Проблема была в Хоуи. Тот настаивал на утренних совещаниях каждый понедельник, просто на случай, если за выходные возникнут какие-нибудь проблемы. Он объявил вне закона бумагу, изгнав даже клейкие листочки для заметок, чтобы они могли говорить об экологичности клиники. Однажды в выходные заставил каждого забрать домой по две тысячи упаковок пластырей и пометить их URL, чтобы он мог раздать их на Хеллоуин. Хоуи, давя на чувство вины, заставлял их постить короткие, глубокие афоризмы в ленте Twitter, чтобы показать клиникам-соперницам, как они сильны интеллектом. Именно Хоуи хотел, чтобы они называли матерей пациентов «мамочками». Хотел, чтобы Рози была ответственной за благодарственный завтрак для сотрудников и нашла кого-нибудь для обновления веб-сайта. Хотел, чтобы Рози купила для Ивонны подарок от сотрудников вдобавок к отпускным. Хотел, чтобы Рози на три месяца поехала в Таиланд работать в клинике для беженцев, и тогда смог бы указать на веб-сайте клиники, что их врачи востребованы в волонтерской работе и международных гуманитарных организациях.
Хоуи хотел управлять медицинский учреждением, которое могло утверждать, будто делает удобной жизнь семей своих сотрудников, поэтому согласился, принимая на работу Рози, на гибкое расписание, которое было для нее единственным способом каждое утро выпихнуть из дома пятерых детей. Хотя клиника открывалась в девять, Рози начинала принимать пациентов только в десять. Правда, другие врачи оставались до последнего пациента в половине пятого, она же принимала своего в половине шестого, что в качестве добавочного бонуса означало: работающие клиенты тоже получали медицинскую помощь. Хоуи согласился на эту договоренность, якобы проявляя заботу о работающих родителях, но все равно назначал утреннюю понедельничную летучку на восемь тридцать и каждый раз очень удивлялся, что Рози опаздывала.
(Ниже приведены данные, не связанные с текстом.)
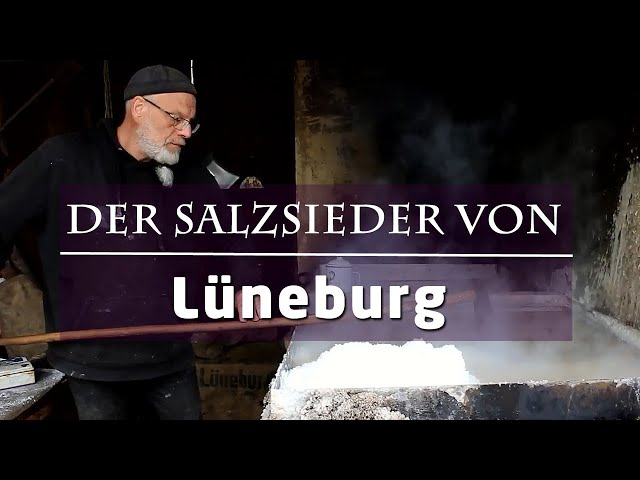 Der Salzsieder | Minke Koch, Salzsieder im Deutschen Salzmuseum Lüneburg
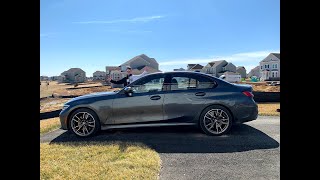 Is the BMW M340i worthy of the M Badge? | 2020 BMW M340i Review + Exhaust Note by Alex Automotive 3,371 views 3 years ago 14 minutes, 14 seconds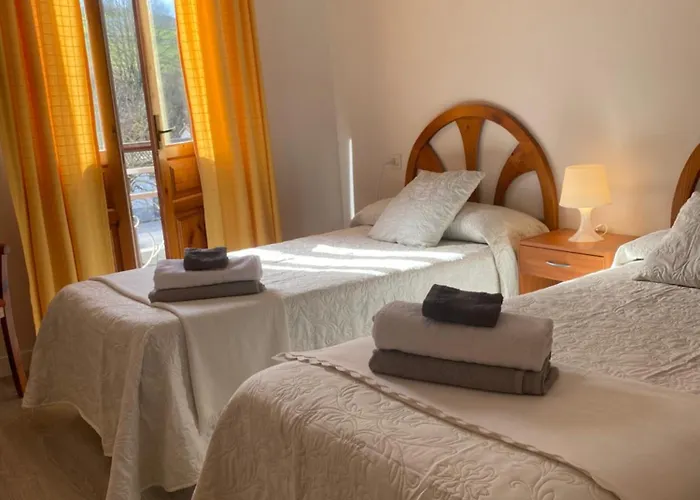 Apartamento Al Lado Del Rio En Cangas De Onis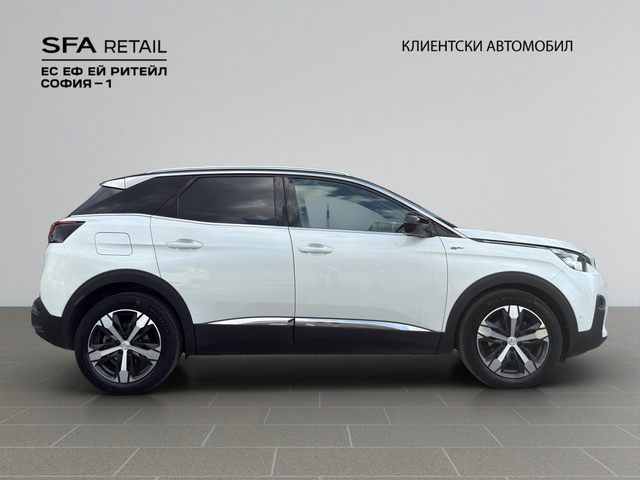 Peugeot 3008 NEW GT 2.0 BlueHDi 180 EAT8 EURO 6 - автомобили, коли, обяви за нови и употребявани 3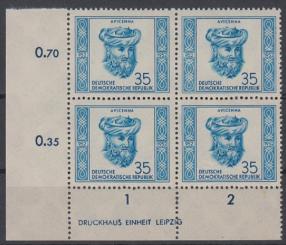314 - DDR Nr. 314 DZ 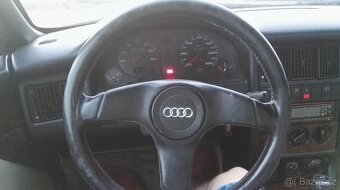 Audi 80 cabrio 2.3 V5 manual - 9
Хоуи не был ее начальником, но был тем, кто основал клинику и пригласил на работу остальных. Она не хотела злить его и старалась быть терпеливой с пациентами, выглядеть достаточно обеспокоенной, когда те говорили, что у них комариный укус чешется сильнее обычного, или вкусовые пупырышки реагируют как-то странно, или были убеждены, что вши — проблема, которую, конечно же, может решить семейный врач, а кто же еще! Рози старалась не попадаться на глаза Хоуи и положительно отвечать на сколь возможно большее число предъявляемых к ней требований быть тем врачом, которого он принял на работу в ее лице, несмотря на собственные опасения, что она — врач совершенно другой. Может, это не идеальная работа, но расписание было предсказуемым, не требовало полуночничанья, включало время и для бумажной работы, и для обеденного перерыва, и для звонка домой между пациентами, и очень немногие приходили с воплями, или истекая кровью, или щеголяя чужеродными предметами, торчащими из разнообразных штатных, а порой и недавно проделанных отверстий в телах. Пусть это не идеальная работа, но за нее хорошо платили, и в страховку были вписаны все. Могли ли ее уволить за то, что она откажется устраивать завтрак или нанимать разработчика, который обновит веб-сайт? Могли ли уволить за то, что у нее есть семья, которая требует гибкого расписания, и дочь, которая не вполне является таковой? Рози в этом сомневалась. Но выяснять не хотела.